I’ve long been a fan of Garrison Keillor: the original radio broadcasts of ‘Lake Wobegon Days’ were homespun nostalgia in excelsis. The book was even better, a lovely, lyrical slice of Americana. With Robert Altman at the helm, Keillor’s timeless, poignant prose found its way into another medium and the result – ‘A Prairie Home Companion’ – is a perfectly cast, witty, subtle, cleverly observed ensemble piece.
It’s also a swansong. A summation.
As much as I wish Altman could have made more films (after the release of ‘Short Cuts’, his multi-narrative Raymond Carver adaptation, he hinted he was planning two more Carver films), it’s fitting that ‘A Prairie Home Companion’ was his last.
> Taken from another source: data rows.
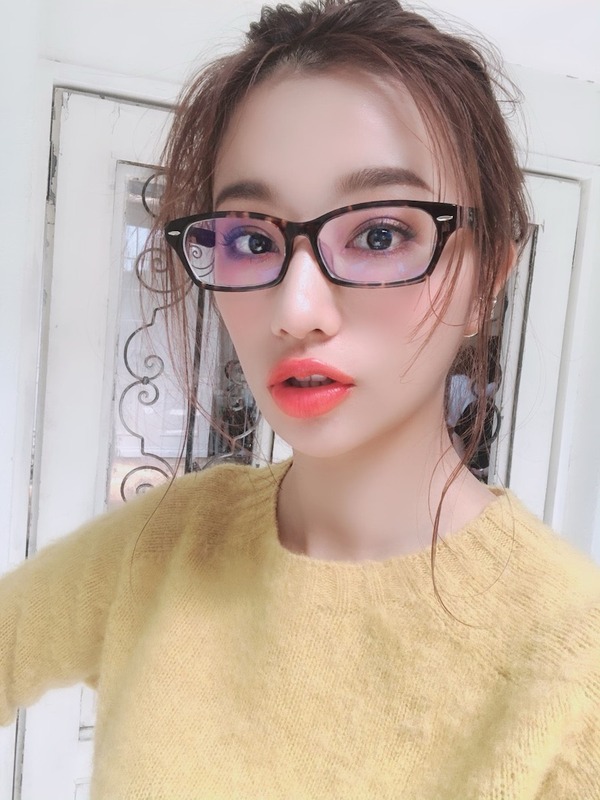 高橋メアリージュン 公開したヘアアレンジが美しいと絶賛される Rbb Today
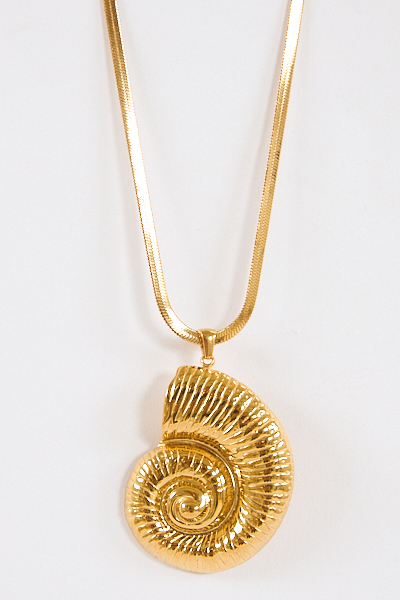 Calypso Necklace, Alco, e.Allen, Nashville, Franklin, Murfreesboro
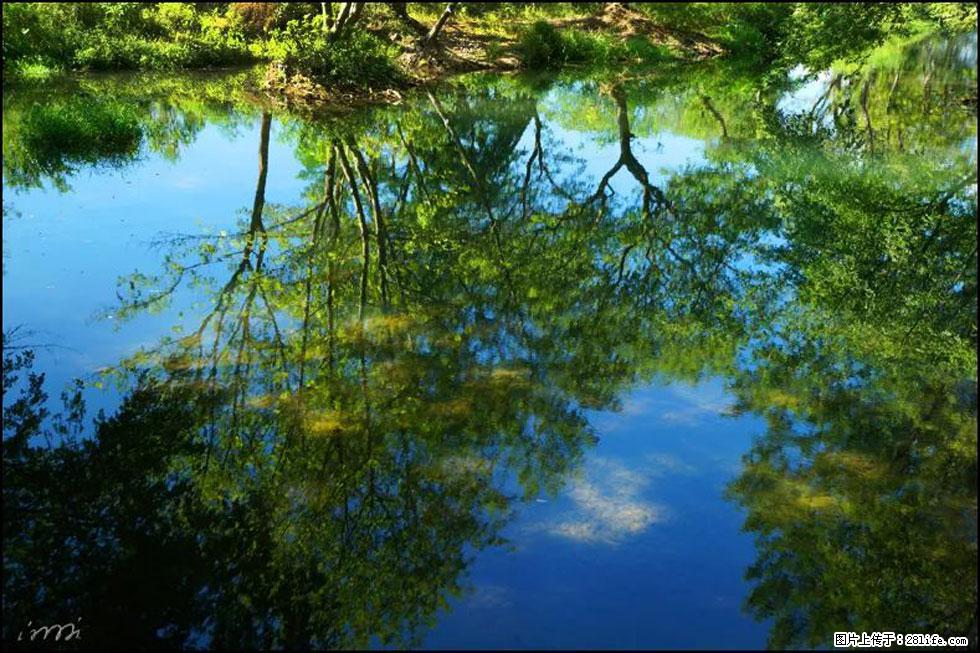 【春天，广西桂林灌阳县向您发出邀请！】熊家寨湿地公园 - 游山玩水 - 玉树生活社区 - 玉树28生活网 ys.28life.net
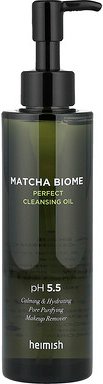 Heimish, Matcha Biome, Perfect Cleansing Oil, perfektes Reinigungsöl, 150 ml (5,07 fl. oz.)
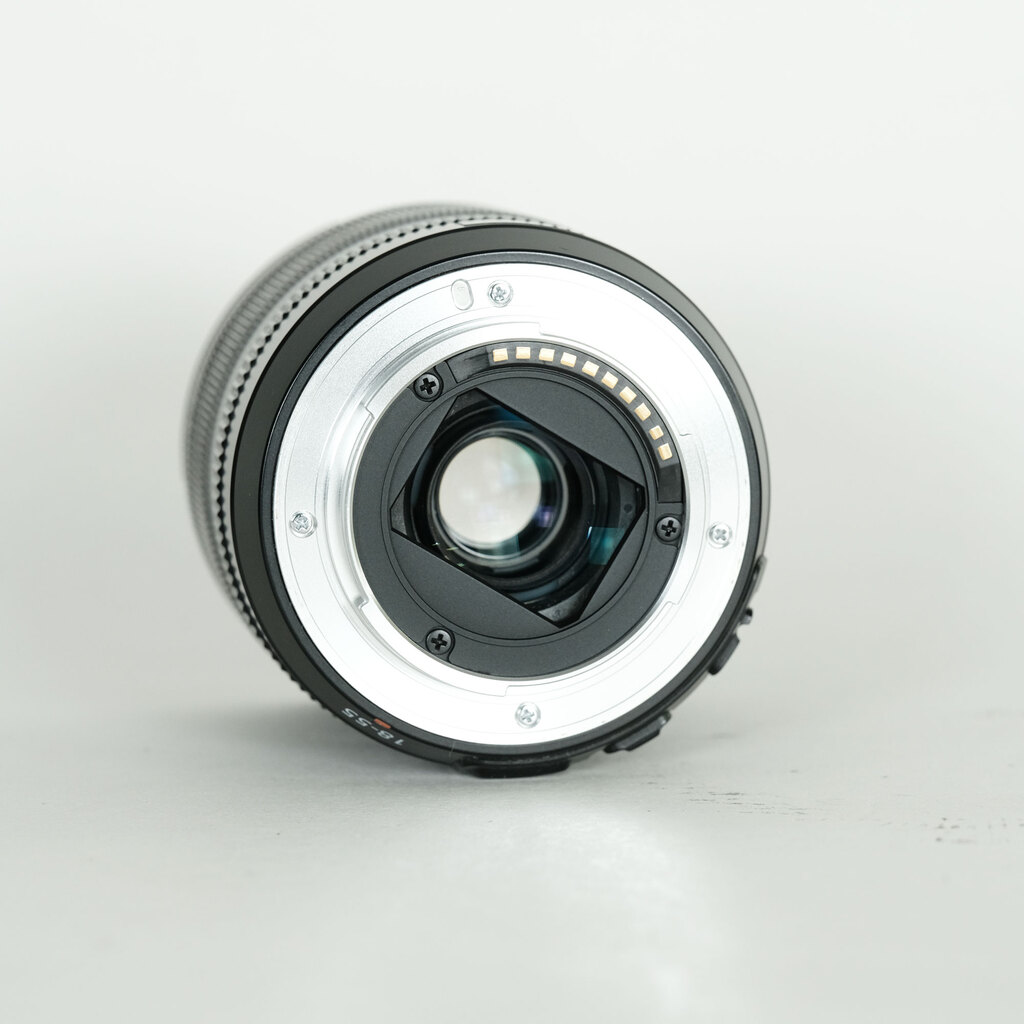 FUJIFILM XF18-55mmF2.8-4 R LM OIS FUJIFILM XF18-55mmF2.8-4 R LM OIS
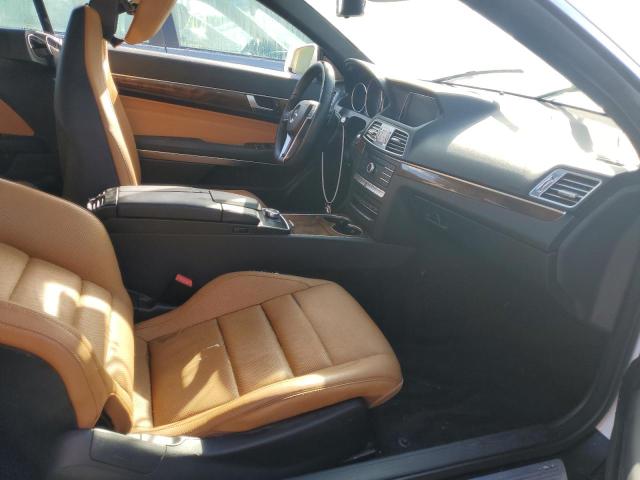 Photo 5 from auction – 2016 MERCEDES-BENZ E 400 with VIN WDDKK6FF7GF341779
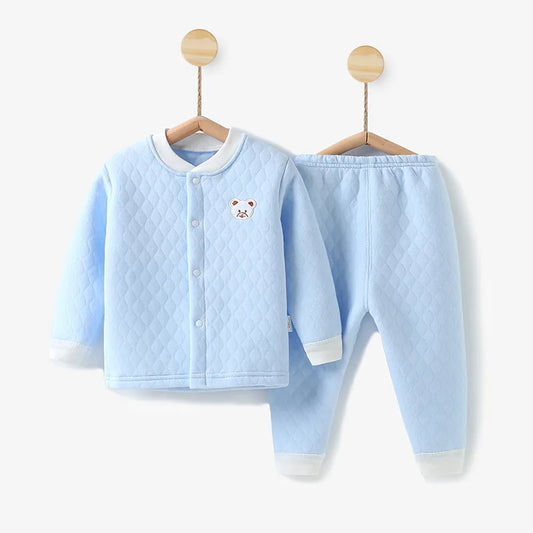 Essential Unisex Baby Clothes for Everyday Comfort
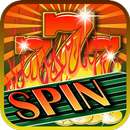 Flaming 7 s hot slot casino APK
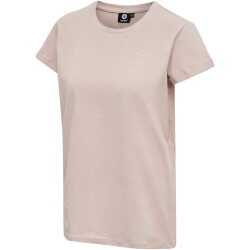 hummel hmlISOBELLA T-Shirt kurzarm Damen hushed violet S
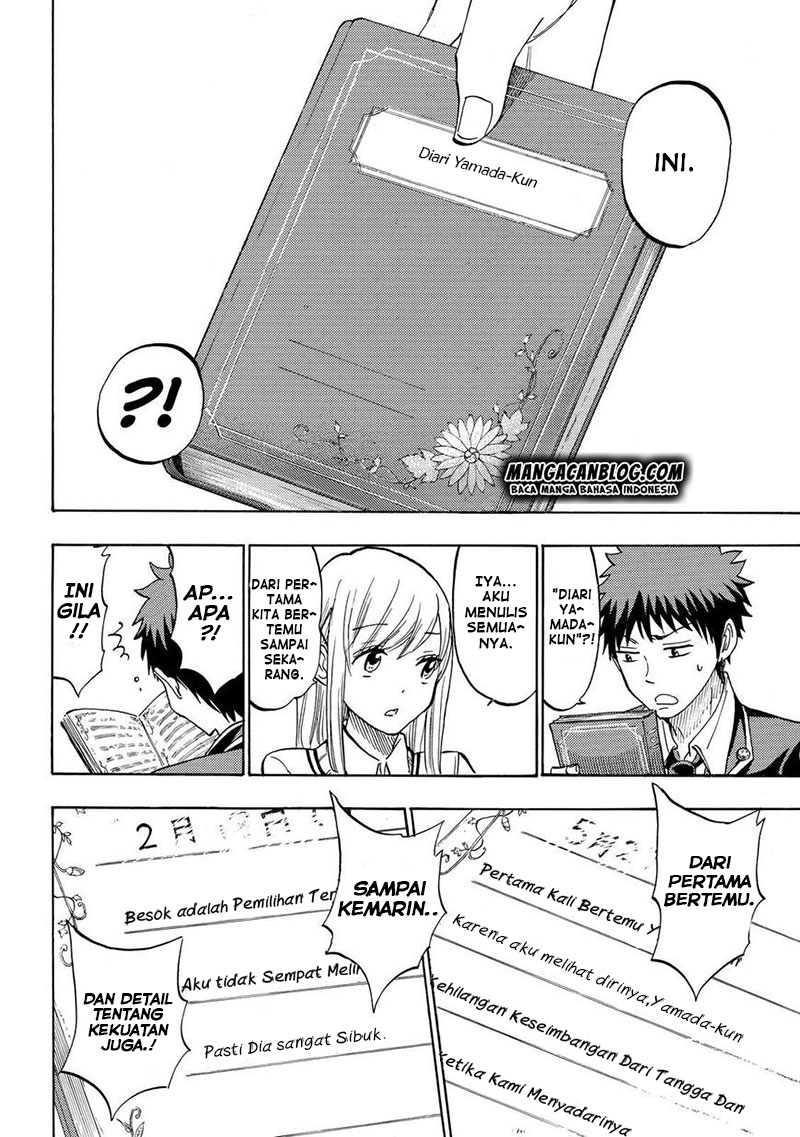Chapter 170 - halaman 13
It’s so perfect and quintessentially Altman in so many ways.
‘M*A*S*H’, the film that made the director’s name and allowed him to plough an eccentric and unique furrow through American cinema, established him as a master of overlapping scenes; with ‘Nashville’, ‘Short Cuts’ and ‘Gosford Park’ he put together ensemble casts par excellence; ‘M*A*S*H’ and ‘The Player’ acerbically satirised the institutions of the military and Hollywood respectively.
All of these qualities (which are the keynotes to his best films) are present in ‘A Prairie Home Companion’. Parochial radio stations, corporate and personal self-importance, the lachrymose excesses of Country & Western music - all are gently, but effectively, sent up. Scenes overlap, character interrelationships merge and diverge and interlink. The cast is as eclectic as any Altman ever assembled: Meryl Streep, Lily Tomlin, Tommy Lee Jones, Kevin Kline, Virginia Madsen, Lindsay Lohan, L.Q. Jones (a stalwart of Sam Peckinpah's films), Woody Harrelson and John C Reilly (the last two hilarious as a musical comedy duo).
Most poignantly of all, ‘A Prairie Home Companion’ is a film about endings. The death of its director, shortly after its completion, bestows upon the film an extra quality. And I’m still unsure as to how deeply this influences my appreciation of the film; seeing for the first time at Nottingham’s Broadway Cinema, it sent me out of the auditorium with a tear in my eye, but how much of that was wrapped up in Altman’s passing? Catching the film on TV recently, a late night screening and a couple of glasses of wine already consumed, my reaction was similar.
If ‘A Prairie Home Companion’ had been made by any other (and crucially, still-living) director, would my perspective be different? How far does the heart rule the head?